• [Provided data]
○ ○ ○ ○ ○

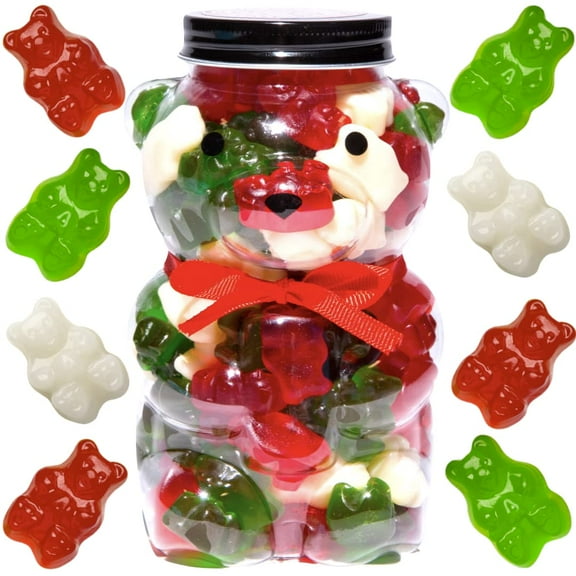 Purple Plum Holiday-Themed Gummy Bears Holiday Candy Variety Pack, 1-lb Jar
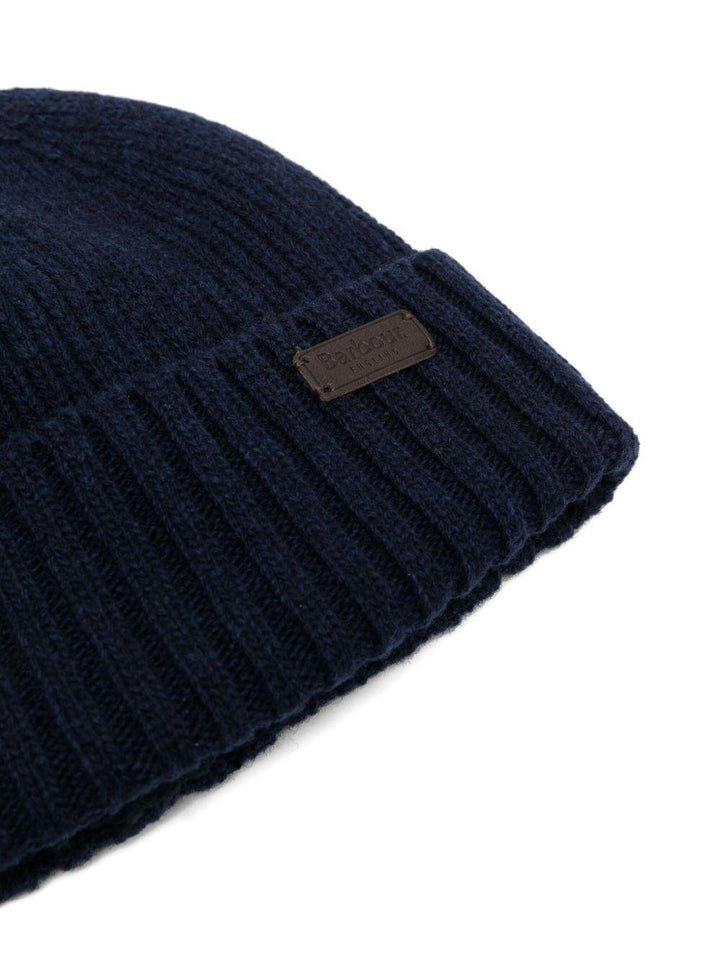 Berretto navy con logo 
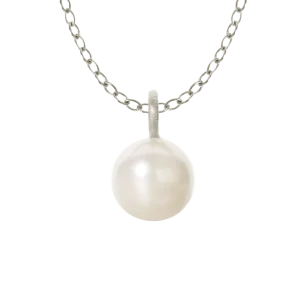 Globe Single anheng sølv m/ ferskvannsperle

○ ○ ○ ○ ○

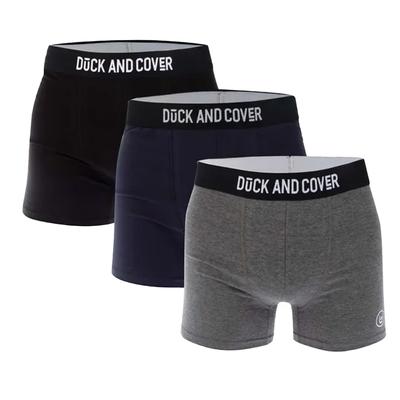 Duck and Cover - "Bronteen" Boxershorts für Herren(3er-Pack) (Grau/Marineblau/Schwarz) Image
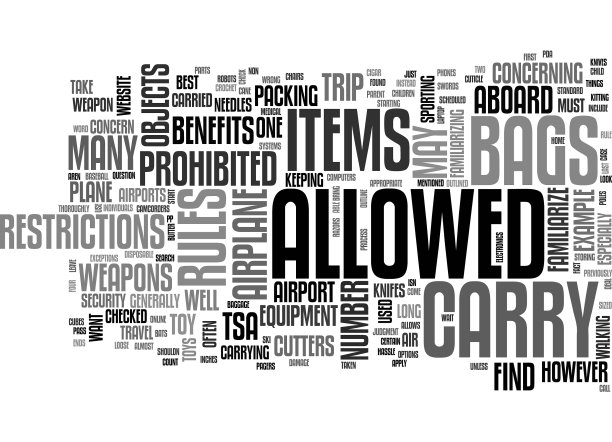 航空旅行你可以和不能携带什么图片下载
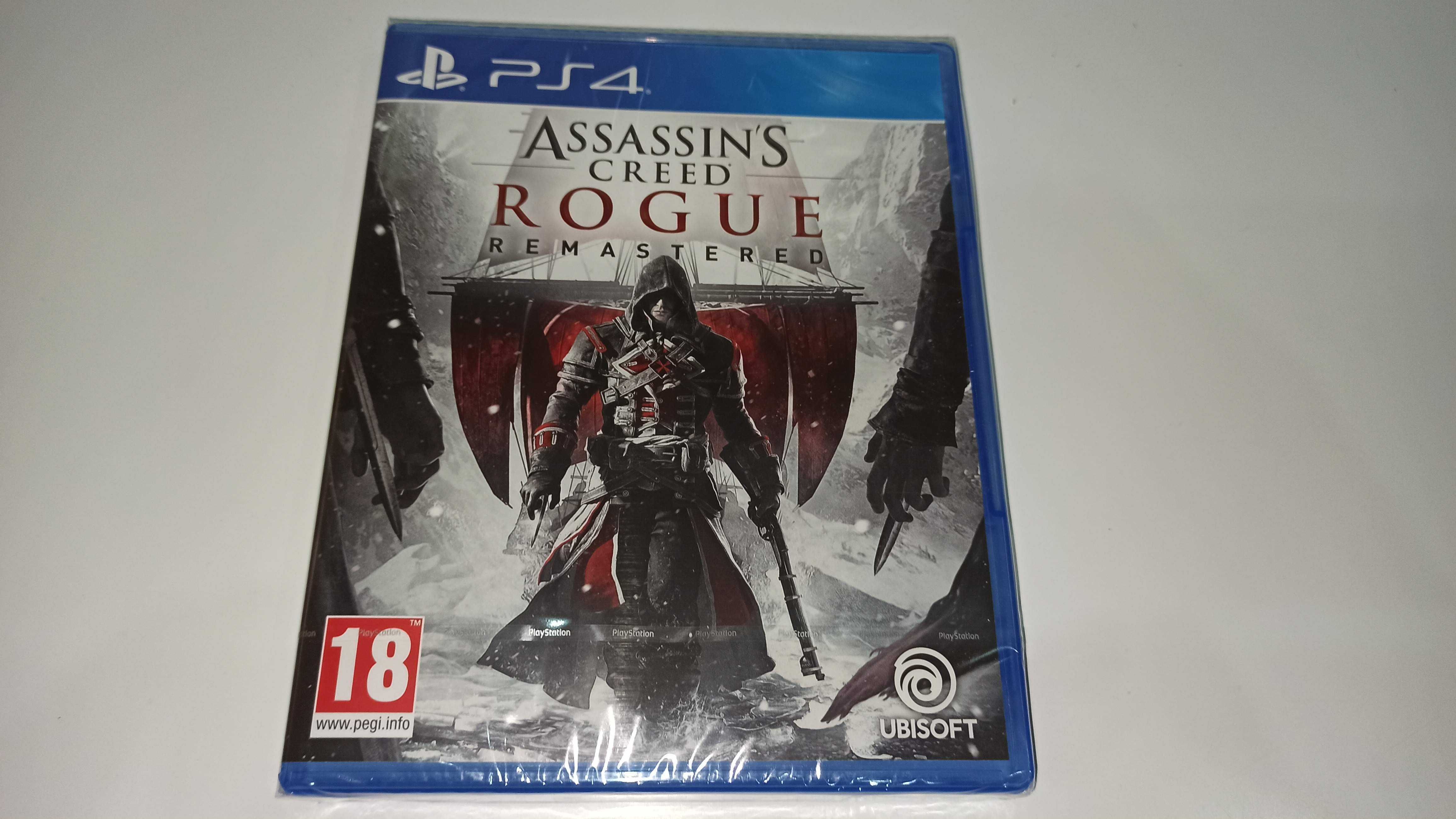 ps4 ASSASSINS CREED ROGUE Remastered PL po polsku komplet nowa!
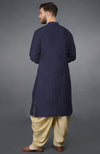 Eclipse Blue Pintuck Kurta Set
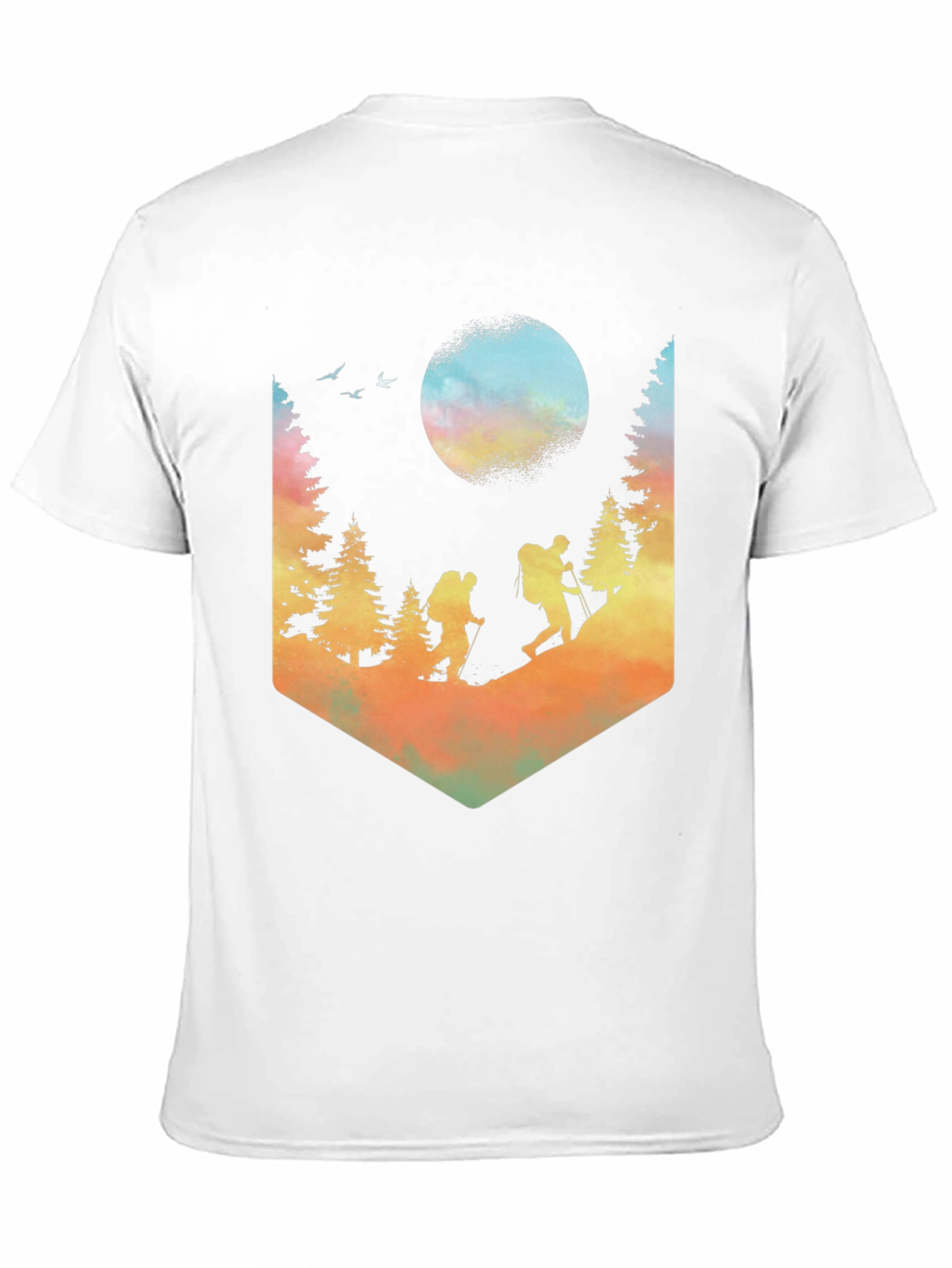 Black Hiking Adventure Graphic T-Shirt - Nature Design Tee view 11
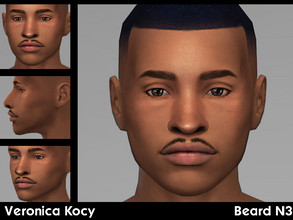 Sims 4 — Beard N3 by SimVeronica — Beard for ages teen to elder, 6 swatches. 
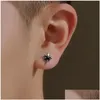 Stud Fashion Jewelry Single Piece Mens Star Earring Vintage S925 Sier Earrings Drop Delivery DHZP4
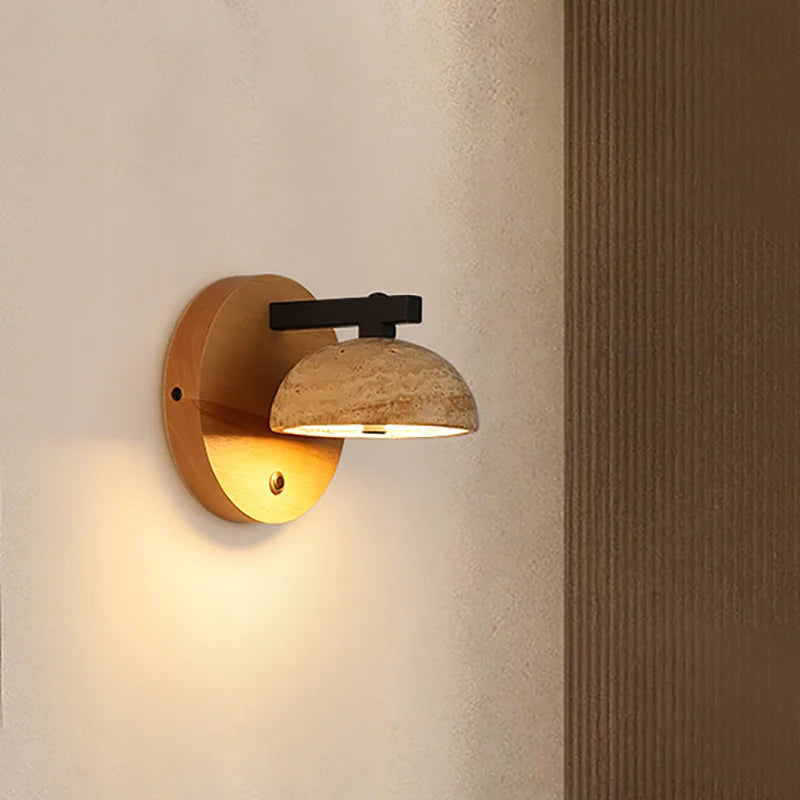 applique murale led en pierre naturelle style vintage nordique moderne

○ ○ ○ ○ ○

• [What to produce] Reproduce the lines above starting at the one with "Berretto navy con logo" and ending at the one with "Globe Single anheng sølv m/ ferskvannsperle", both included, exactly and with no pictures.

• [Solution for this problem]
 Berretto navy con logo 
 Globe Single anheng sølv m/ ferskvannsperle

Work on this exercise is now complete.